> [TASK OBJECTIVE]:
Beginning at the line that contains "However, there is" and finishing at the line that contains "So that concludes", output the data below exactly. Include both end lines and no pictures.

> [EXERCISE INPUTS]:
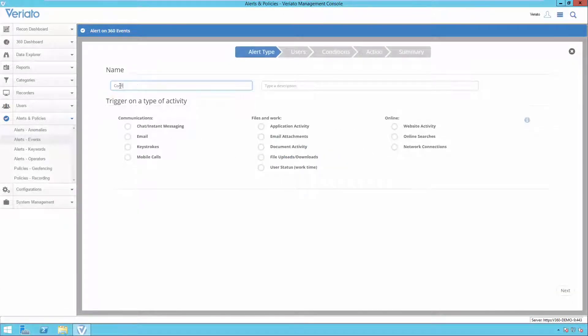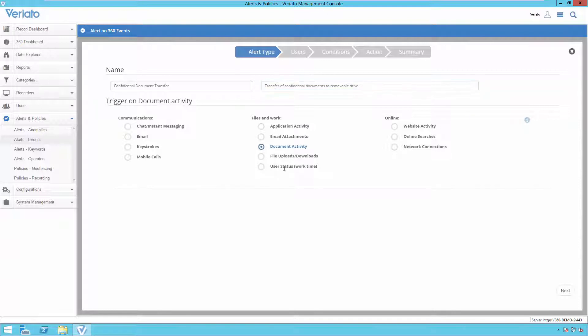Hi, my name is Jack. Variato 360 provides a couple of different types of alerts that can be generated in various circumstances. One of these is called Event Alerts.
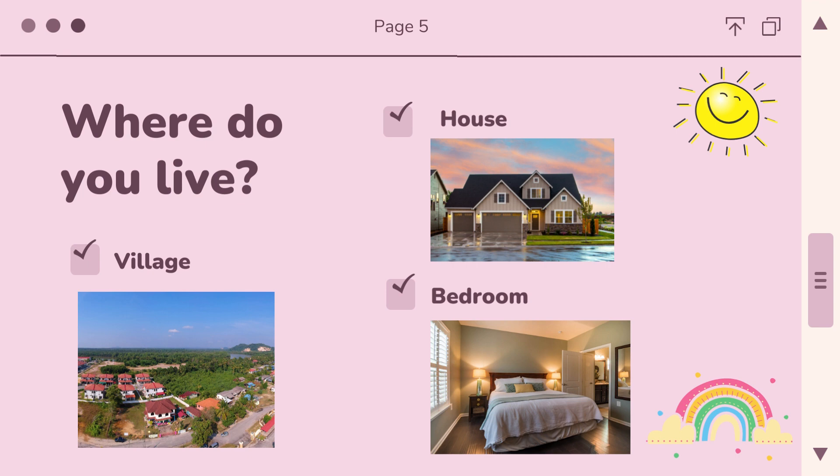For village, here in Brunei we call it kampongs — like most of you would be from Kampong Lambak Kiri. For houses, we have a few different types here in Brunei, which you may remember from Pra as well, but we'll go over them again. Lastly, bedroom — everyone would probably have a bedroom, and the number one thing you find there is a bed.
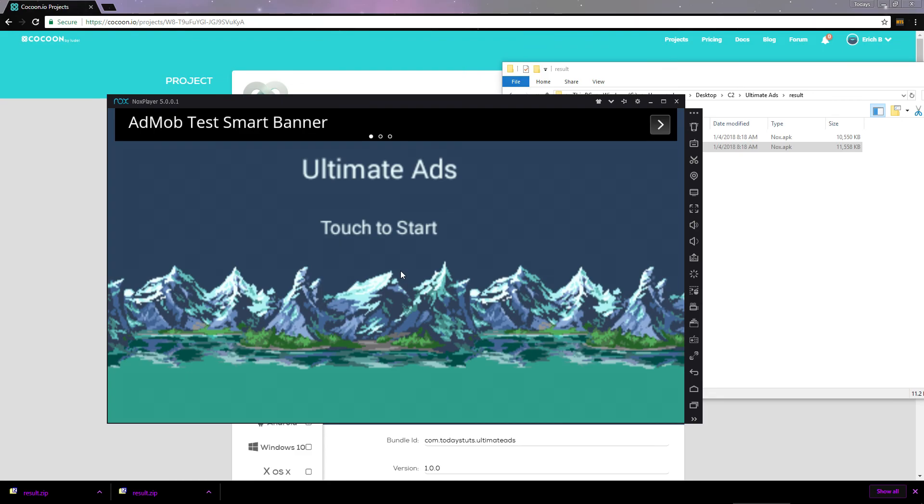In the next video, we'll take a look at how to generate an Android key store file so that you can build your app and upload it to the play store.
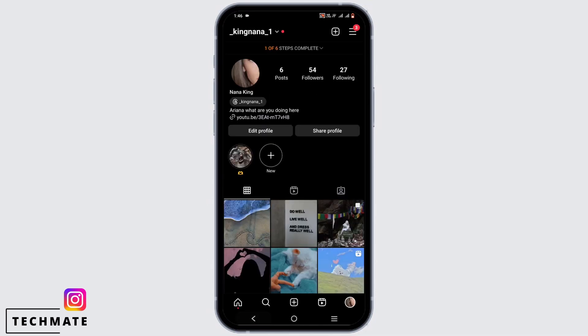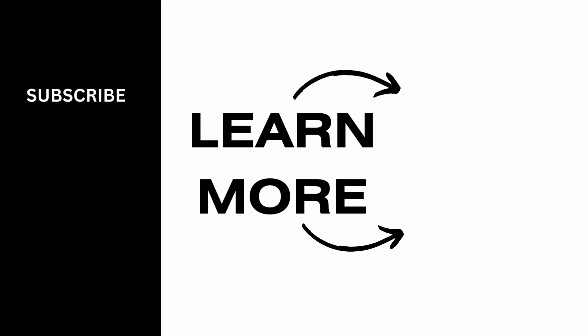However, there is no such feature right now that will display the Instagram profile of the person who viewed or visited your Instagram account. Hopefully this video was informative and thank you so much for watching.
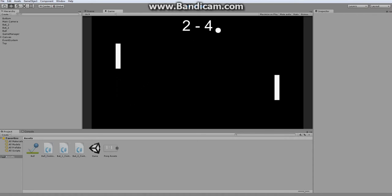So that concludes it for this episode. Next time we're going to work on implementing the scoreboard feature.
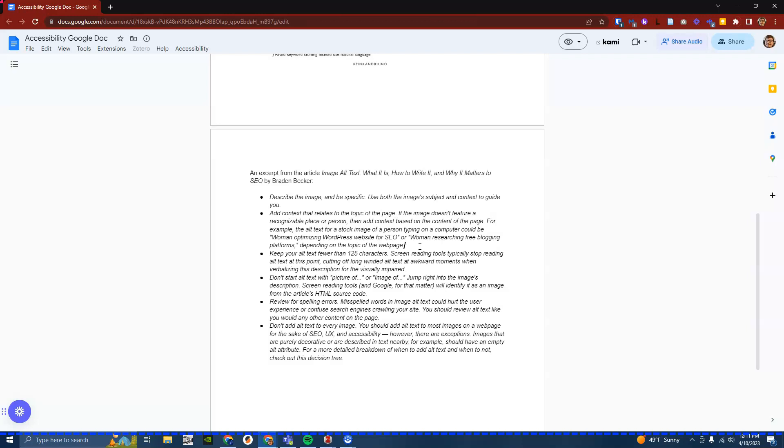Bullet: don't start alt text with quote picture of quote or quote image of quote, jump right into the image's description. Screen-reading tools and Google for that matter will identify it as an image from the article's HTML source code. Bullet: review for spelling errors. Misspelled words in image alt text could hurt the user experience or confuse search engines crawling your site. You should review alt text like you would any other content on the page.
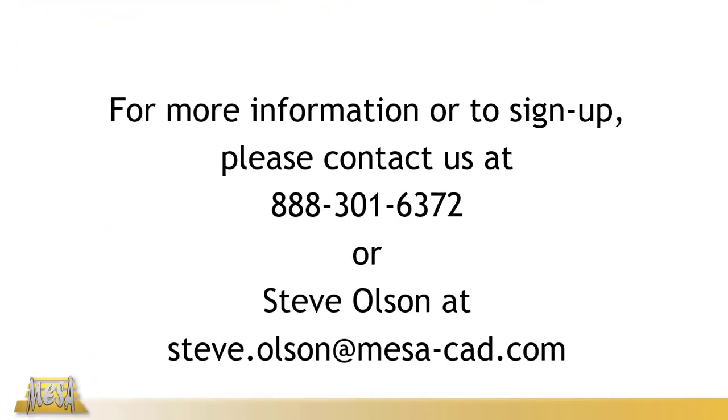All of this and more is covered in MESA's InventorCam 2 and 3-axis milling course. If you'd like to sign up, feel free to give us a call, or you can email me directly. My email address is there on the screen. In the description to this video, I'll also leave a link to MESA's full course catalog and our course schedule.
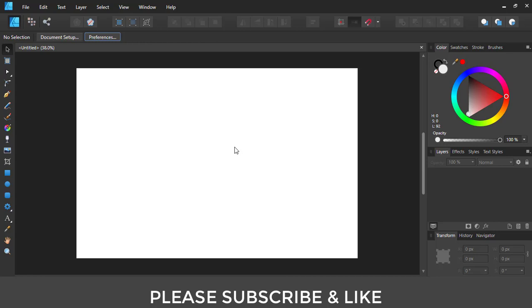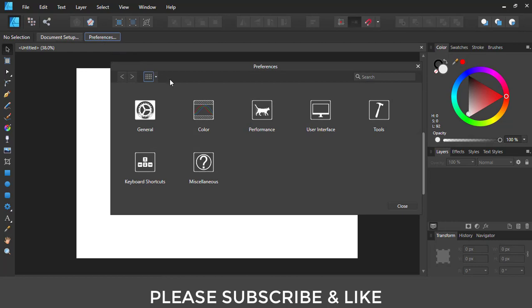For this you simply need to go to Preferences. Inside Preferences you have this option called User Interface. We'll be clicking on that.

> [RESULT FOR THIS TASK]:
However, there is no such feature right now that will display the Instagram profile of the person who viewed or visited your Instagram account. Hopefully this video was informative and thank you so much for watching.
So that concludes it for this episode. Next time we're going to work on implementing the scoreboard feature.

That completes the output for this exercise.